» Task item:
Give back every line of the material exactly. Skip the pictures.

--- Records Enclosed Below ---

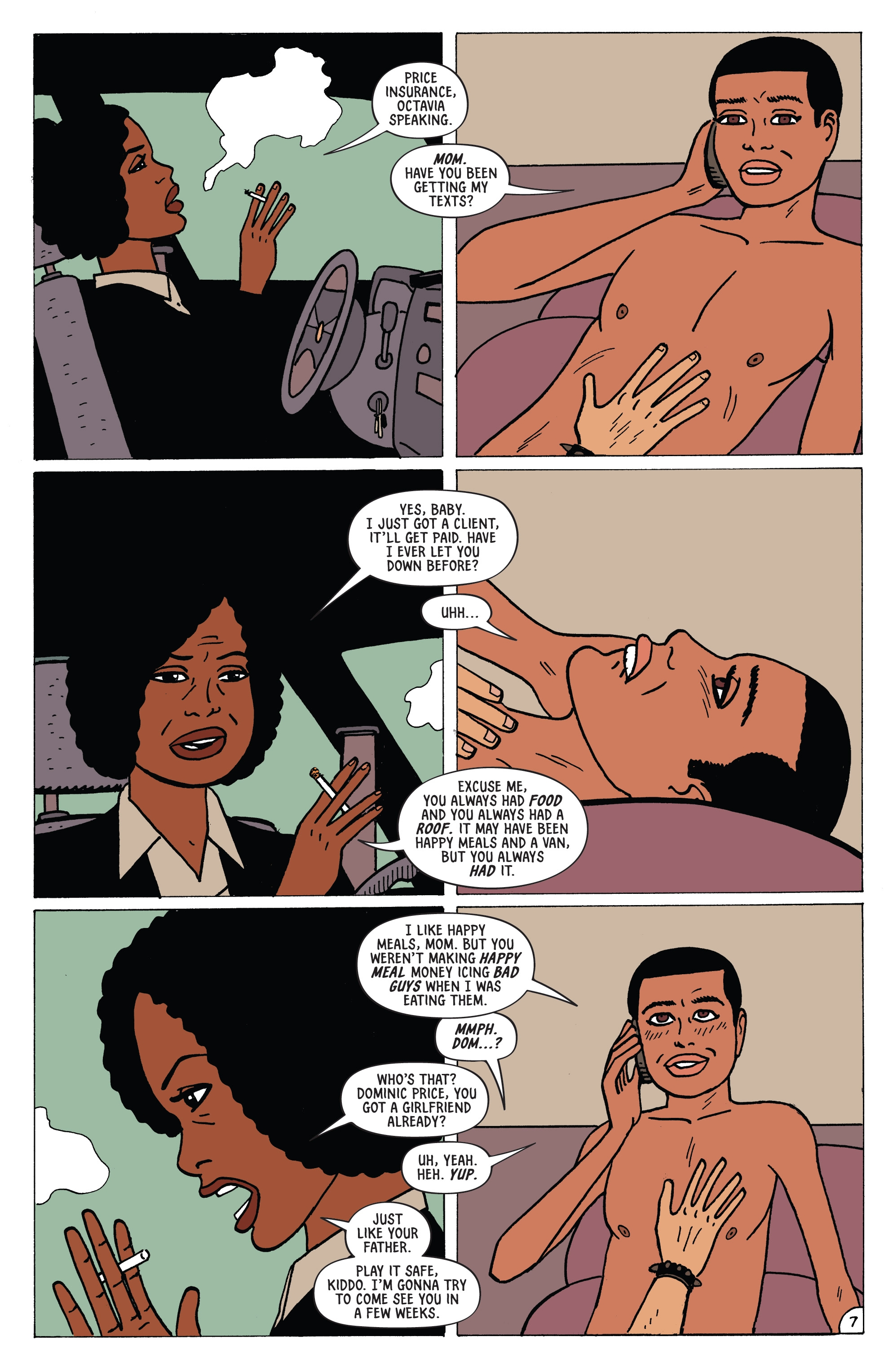 Assassinistas (2017): Chapter 1 - Page 9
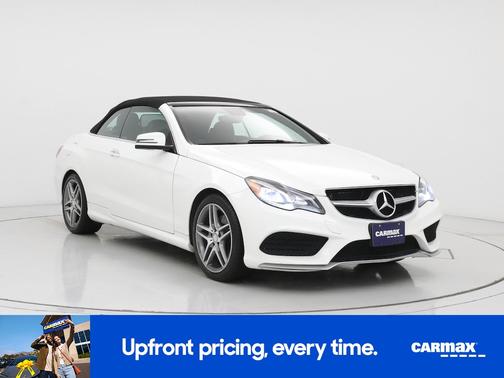2016 Mercedes-Benz E-Class 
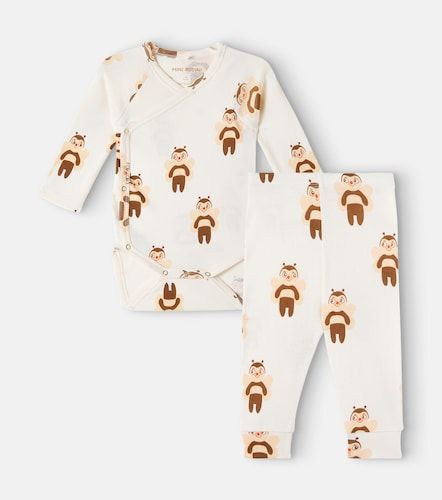 Bebé - set de body y pantalones de algodón - Mini Rodini - Modalova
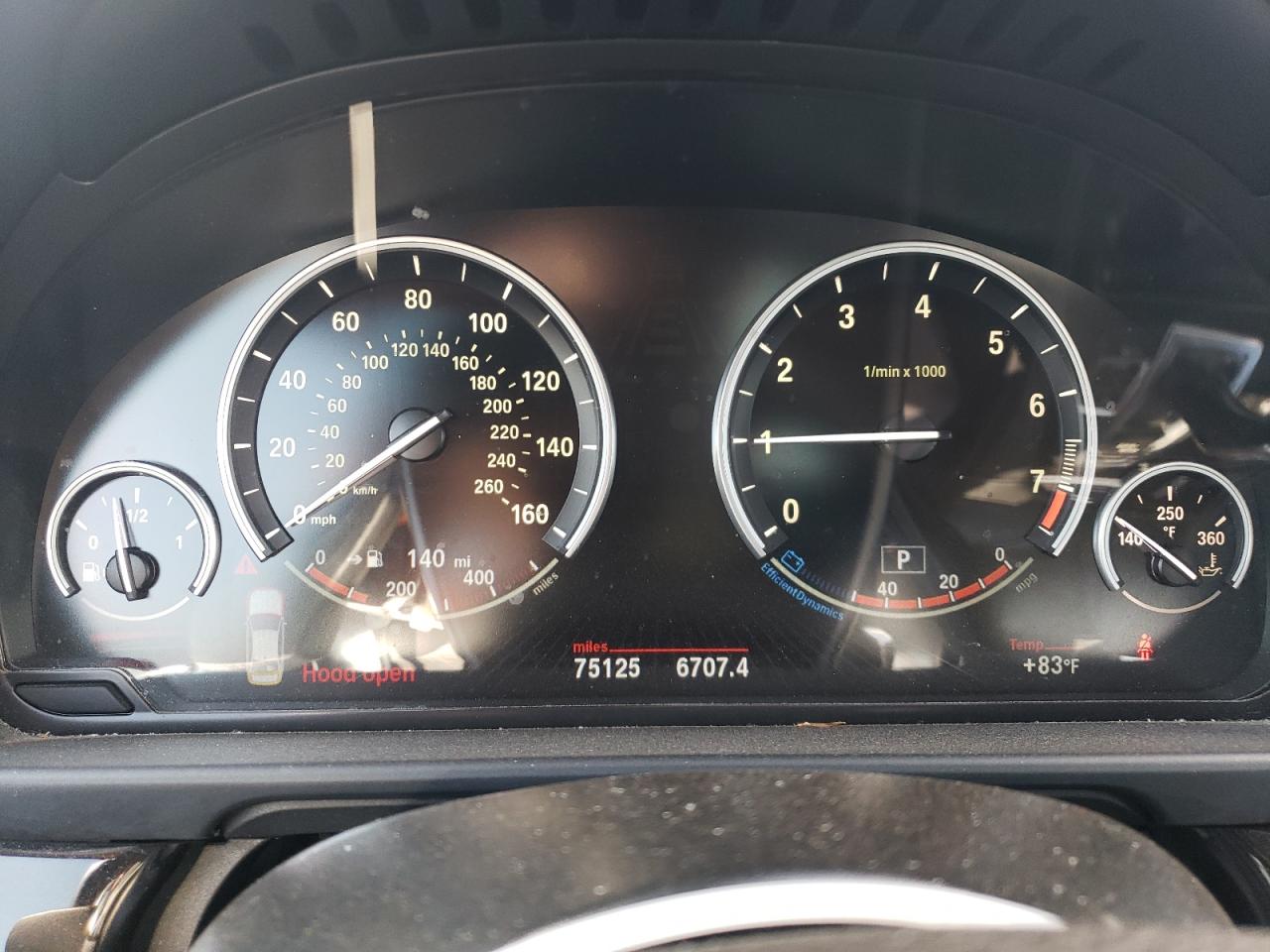 2016 BMW 535 Xi VIN: WBA5B3C57GG252870 Lot: 65855184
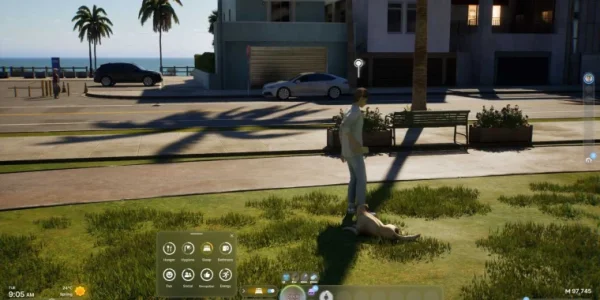 Как кормить животных в Inzoi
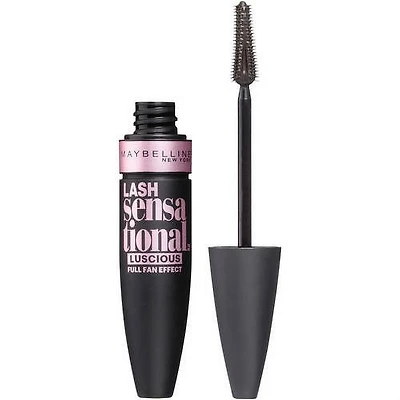 Maybelline New York Mascara lavable Luscious Lash Sensational, 9,5 mL 9,5 ml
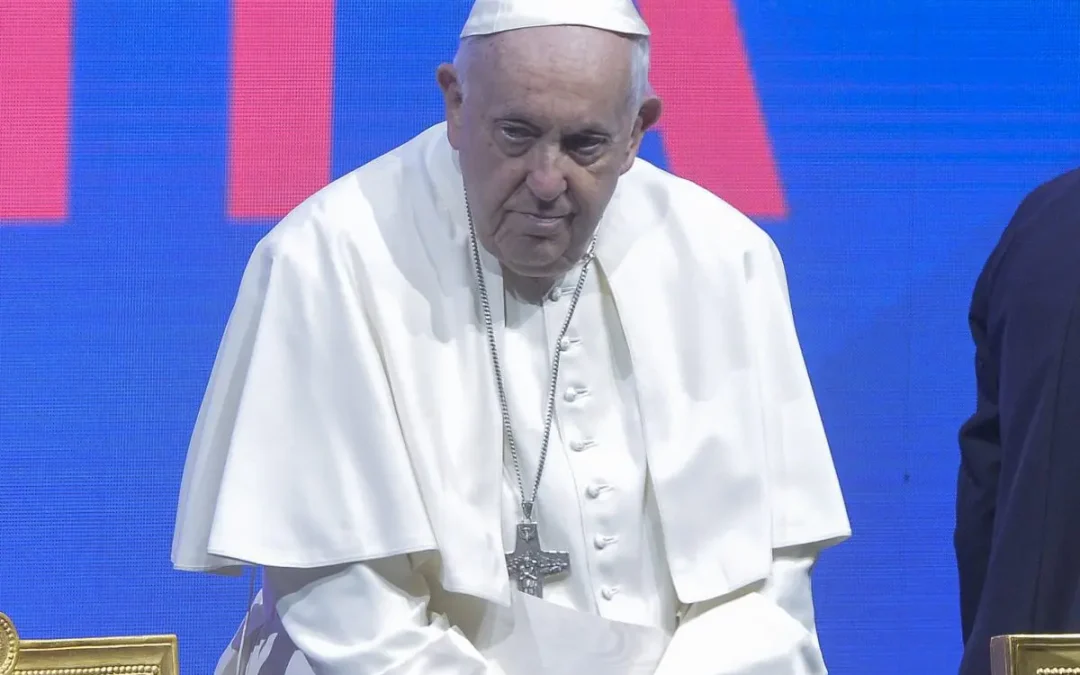 Medio Oriente, Papa “Rilasciare ostaggi e consentire aiuti a Gaza”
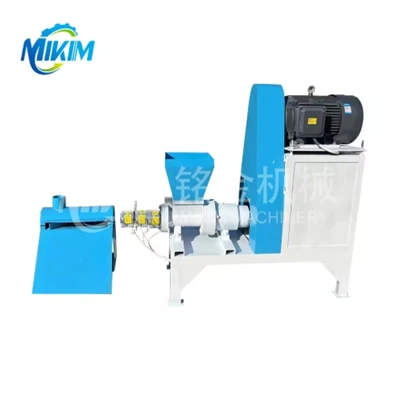 Sågspån Trä Kol Brick Brick Press Machine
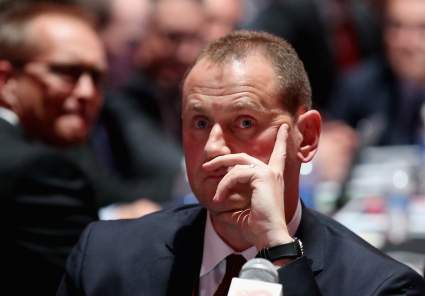 Gerente general de los Maple Leafs Fire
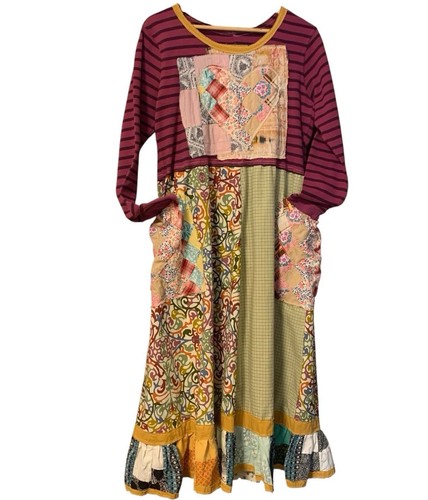 Upcycled midi maxi - midi,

--- End of Enclosed Records ---

» Task response:
 Assassinistas (2017): Chapter 1 - Page 9
2016 Mercedes-Benz E-Class 
 Bebé - set de body y pantalones de algodón - Mini Rodini - Modalova
 2016 BMW 535 Xi VIN: WBA5B3C57GG252870 Lot: 65855184
 Как кормить животных в Inzoi
 Maybelline New York Mascara lavable Luscious Lash Sensational, 9,5 mL 9,5 ml
 Medio Oriente, Papa “Rilasciare ostaggi e consentire aiuti a Gaza”
 Sågspån Trä Kol Brick Brick Press Machine
 Gerente general de los Maple Leafs Fire
 Upcycled midi maxi - midi,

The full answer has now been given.